• _DATA TO USE_:
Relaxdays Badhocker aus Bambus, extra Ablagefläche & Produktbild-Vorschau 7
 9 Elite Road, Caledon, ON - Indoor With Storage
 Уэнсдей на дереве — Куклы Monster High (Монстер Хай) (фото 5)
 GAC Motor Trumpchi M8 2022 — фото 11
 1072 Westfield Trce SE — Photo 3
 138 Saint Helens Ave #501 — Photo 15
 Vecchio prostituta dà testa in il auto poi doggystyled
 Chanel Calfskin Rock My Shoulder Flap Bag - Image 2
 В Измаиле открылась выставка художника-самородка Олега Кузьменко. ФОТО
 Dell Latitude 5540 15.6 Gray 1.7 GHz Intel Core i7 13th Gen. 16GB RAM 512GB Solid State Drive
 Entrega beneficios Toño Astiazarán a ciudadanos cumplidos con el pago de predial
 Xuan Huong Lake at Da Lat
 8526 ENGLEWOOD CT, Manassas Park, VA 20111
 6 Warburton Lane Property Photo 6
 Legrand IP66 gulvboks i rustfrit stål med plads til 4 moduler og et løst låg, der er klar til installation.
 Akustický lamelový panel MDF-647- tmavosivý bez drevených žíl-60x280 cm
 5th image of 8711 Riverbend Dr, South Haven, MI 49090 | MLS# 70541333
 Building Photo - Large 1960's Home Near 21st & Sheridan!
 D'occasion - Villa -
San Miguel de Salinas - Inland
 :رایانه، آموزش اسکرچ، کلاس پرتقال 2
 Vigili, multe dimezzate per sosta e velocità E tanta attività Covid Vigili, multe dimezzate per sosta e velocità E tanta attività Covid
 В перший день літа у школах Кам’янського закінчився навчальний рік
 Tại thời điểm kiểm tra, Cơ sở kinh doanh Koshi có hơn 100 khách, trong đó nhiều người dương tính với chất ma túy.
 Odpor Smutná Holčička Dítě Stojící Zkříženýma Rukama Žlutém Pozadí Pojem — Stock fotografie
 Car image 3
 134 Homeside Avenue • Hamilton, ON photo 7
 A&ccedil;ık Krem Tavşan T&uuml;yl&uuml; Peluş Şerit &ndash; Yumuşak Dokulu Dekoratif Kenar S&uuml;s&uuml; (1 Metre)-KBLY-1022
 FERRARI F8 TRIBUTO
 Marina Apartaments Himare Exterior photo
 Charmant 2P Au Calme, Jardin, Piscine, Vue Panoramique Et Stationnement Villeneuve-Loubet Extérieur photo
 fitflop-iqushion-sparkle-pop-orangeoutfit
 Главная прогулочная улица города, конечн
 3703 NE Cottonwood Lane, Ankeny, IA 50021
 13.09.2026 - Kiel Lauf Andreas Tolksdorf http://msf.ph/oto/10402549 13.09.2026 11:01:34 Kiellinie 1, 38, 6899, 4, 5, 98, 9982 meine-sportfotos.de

• _ASSIGNED TASK_: Your response needs to restate the lines above exactly.

• _REPLY TO THE EXERCISE_:
Relaxdays Badhocker aus Bambus, extra Ablagefläche & Produktbild-Vorschau 7
 9 Elite Road, Caledon, ON - Indoor With Storage
 Уэнсдей на дереве — Куклы Monster High (Монстер Хай) (фото 5)
 GAC Motor Trumpchi M8 2022 — фото 11
 1072 Westfield Trce SE — Photo 3
 138 Saint Helens Ave #501 — Photo 15
 Vecchio prostituta dà testa in il auto poi doggystyled
 Chanel Calfskin Rock My Shoulder Flap Bag - Image 2
 В Измаиле открылась выставка художника-самородка Олега Кузьменко. ФОТО
 Dell Latitude 5540 15.6 Gray 1.7 GHz Intel Core i7 13th Gen. 16GB RAM 512GB Solid State Drive
 Entrega beneficios Toño Astiazarán a ciudadanos cumplidos con el pago de predial
 Xuan Huong Lake at Da Lat
 8526 ENGLEWOOD CT, Manassas Park, VA 20111
 6 Warburton Lane Property Photo 6
 Legrand IP66 gulvboks i rustfrit stål med plads til 4 moduler og et løst låg, der er klar til installation.
 Akustický lamelový panel MDF-647- tmavosivý bez drevených žíl-60x280 cm
 5th image of 8711 Riverbend Dr, South Haven, MI 49090 | MLS# 70541333
 Building Photo - Large 1960's Home Near 21st & Sheridan!
 D'occasion - Villa -
San Miguel de Salinas - Inland
 :رایانه، آموزش اسکرچ، کلاس پرتقال 2
 Vigili, multe dimezzate per sosta e velocità E tanta attività Covid Vigili, multe dimezzate per sosta e velocità E tanta attività Covid
 В перший день літа у школах Кам’янського закінчився навчальний рік
 Tại thời điểm kiểm tra, Cơ sở kinh doanh Koshi có hơn 100 khách, trong đó nhiều người dương tính với chất ma túy.
 Odpor Smutná Holčička Dítě Stojící Zkříženýma Rukama Žlutém Pozadí Pojem — Stock fotografie
 Car image 3
 134 Homeside Avenue • Hamilton, ON photo 7
 A&ccedil;ık Krem Tavşan T&uuml;yl&uuml; Peluş Şerit &ndash; Yumuşak Dokulu Dekoratif Kenar S&uuml;s&uuml; (1 Metre)-KBLY-1022
 FERRARI F8 TRIBUTO
 Marina Apartaments Himare Exterior photo
 Charmant 2P Au Calme, Jardin, Piscine, Vue Panoramique Et Stationnement Villeneuve-Loubet Extérieur photo
 fitflop-iqushion-sparkle-pop-orangeoutfit
 Главная прогулочная улица города, конечн
 3703 NE Cottonwood Lane, Ankeny, IA 50021
 13.09.2026 - Kiel Lauf Andreas Tolksdorf http://msf.ph/oto/10402549 13.09.2026 11:01:34 Kiellinie 1, 38, 6899, 4, 5, 98, 9982 meine-sportfotos.de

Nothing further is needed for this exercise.